Prone to safe simple-mindedness at every turn, however, D.J. Caruso’s film operates less as a morality tale than as both an insider look at the billion-dollar world of sports wagering and a squishy tale of fathers and sons, with Brandon, having been deserted as a kid by his alcoholic father, discovering in Walter a surrogate daddy with similar addiction problems and an unhealthy desire to ride his new boy’s hot streak straight to the top. “Inspired by a true story,” this by-the-numbers premise turns out to be a decidedly low-stakes affair, its middling drama relegated to characters breathlessly watching phony football contests, prostitute-populated sex scenes filmed with all the panache of a late-night softcore writhe-a-thon, and a love triangle between Brandon, Walter, and Walter’s recovering junkie wife Toni (Rene Russo).

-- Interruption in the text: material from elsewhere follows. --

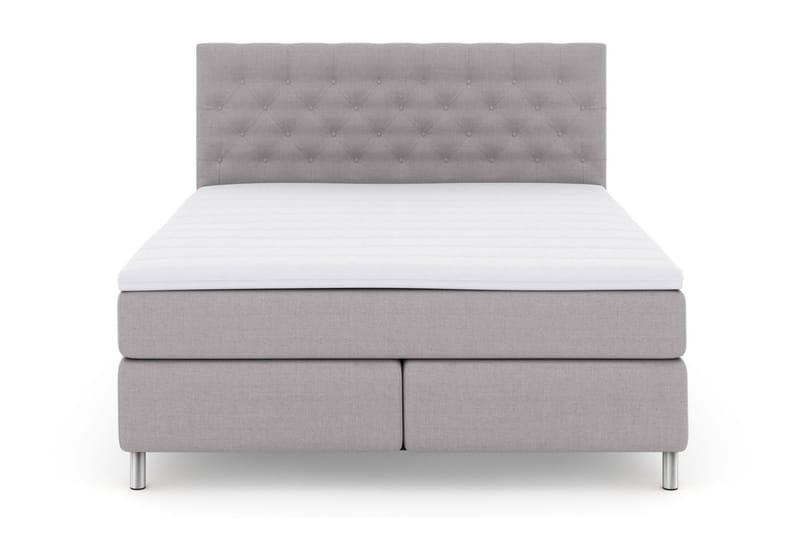 Select No 3 Kontinentalsäng 180x200 Medium, Ljusgrå/Metall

But like Barry Sanders rushing for 200 yards in a losing effort, an overacting Pacino saves the sluggish film from being unwatchable, resorting to his blustery post-Scent of a Woman antics in which grandiosity trumps nuance. Admitting his deliberate failure to give Brandon messages from his no-good father, the dysfunctional Walter excitedly asks his pupil, “You need a new image of a man—how about me?,” a hilariously delivered sentiment all the more preposterous given the shady Walter’s lifelong job screwing suckers out of cash and his knowledge—articulated during the film’s most obvious, and yet funniest, scene at a gamblers’ anonymous meeting—that what chronic bettors thrive on isn’t the fleeting euphoria of winning but the miserable agony of losing. The mediocre Two for the Money, though, falls somewhere in between championship triumph and outright failure. As Brandon’s rival Jerry (Jeremy Piven) says, “I almost like it, but I don’t.”